The Church is at once human and divine, at once a gift from above and a product of this earth. She is composed of men each of whom resists with all the weight of a laggard and wounded nature the life the Church strives to infuse. She is orientated towards the past, which contains a memorial she well knows is never past; she tends towards the future, elated by the hope of an ineffable consummation of whose nature no sensible sign gives a hint.

Destined in her present form to leave all behind as ‘the image of this world’, she is destined in her innermost nature to remain intact for the day when what she is will be manifested. Multiple or multiform, she is nonetheless one, of a most active and demanding unity. She is a people, the great anonymous crowd and still – there is no other word – the most personal of beings. Catholic, that is, universal, she wishes her members to be open to everything and yet she herself is never fully open but when she is withdrawn to the intimacy of her interior life and in the silence of adoration.

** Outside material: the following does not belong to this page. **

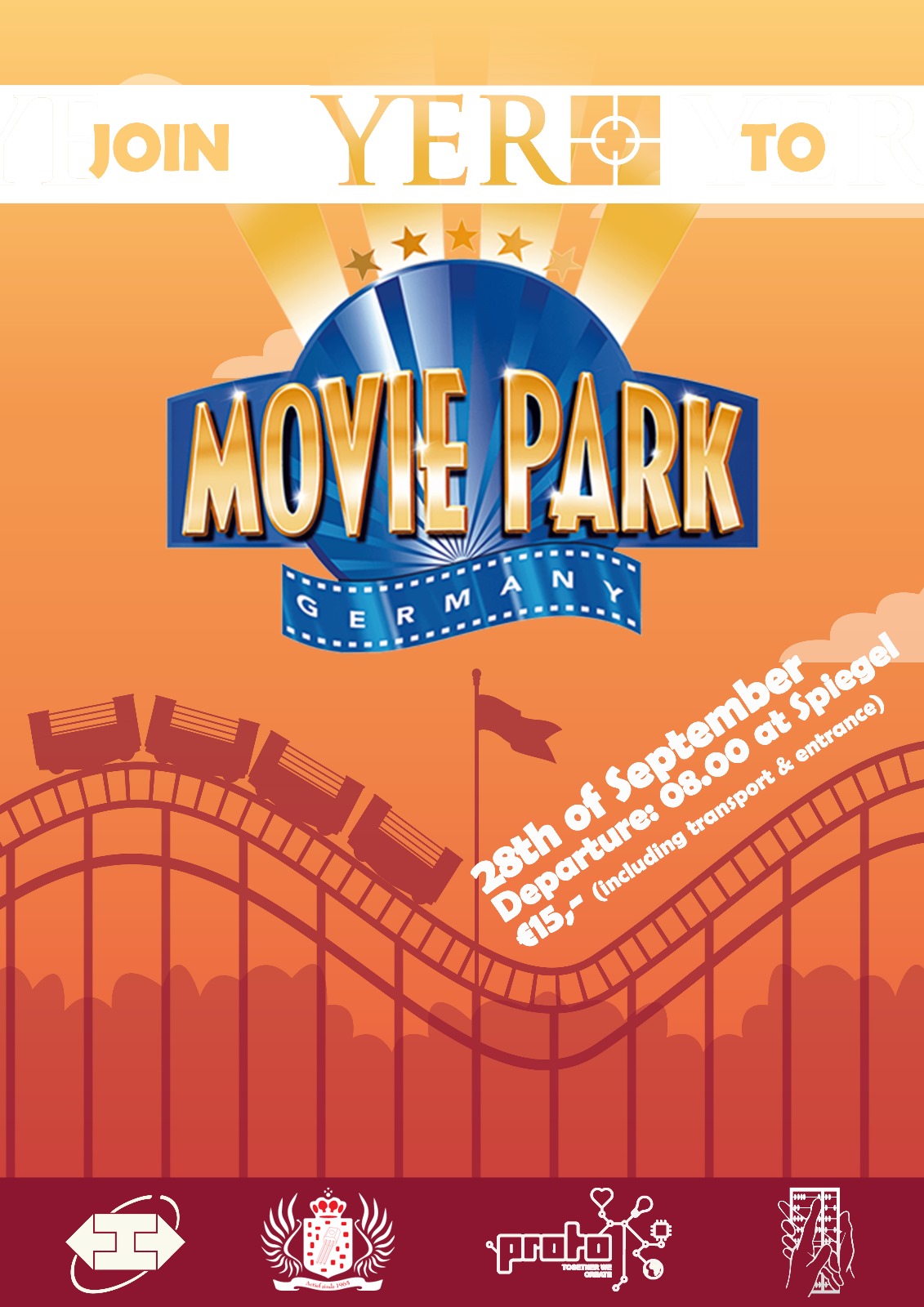 Movie park YERmany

She is humble and she is majestic. She professes a capacity to absorb every culture, to raise up their highest values; at the same time we see her claim for her own the homes and hearts of the poor, the undistinguished, the simple and destitute masses. Not for an instant does she cease – and her immortality assures continuity-- to contemplate him who is at once crucified and resurrected, the man of sorrows and lord of glory, vanquished by, but Savior of, the world. He is her bloodied spouse and her triumphant master. From his generous heart, ever open and yet always infinitely secret, she has received her existence and the life it is her wish to communicate to all.

How to perceive and grasp her real nature, this is still my question. The harder I try to see, the more I am forced to abandon my false analogies; I am dazzled by her profound truth – and I give up in despair any attempt to define her.

And even if I then ask her to define herself, her answer is a rich profusion of biblical images which I well understand are not mere teaching aids but so many allusions to a reality, in its essence always beyond the reach of my natural intelligence. Yes, even after the splendid achievement of logical, clear exposition that is Lumen Gentium, her most lucid self-definition yet, my meditation is still in the cul-de-sac of mystery.

And yet I do have something to show for my pains, something obvious, literally childlike; something I knew before began and which every reflection confirmed. I can tell it in one word, the first of all words…the Church is my mother.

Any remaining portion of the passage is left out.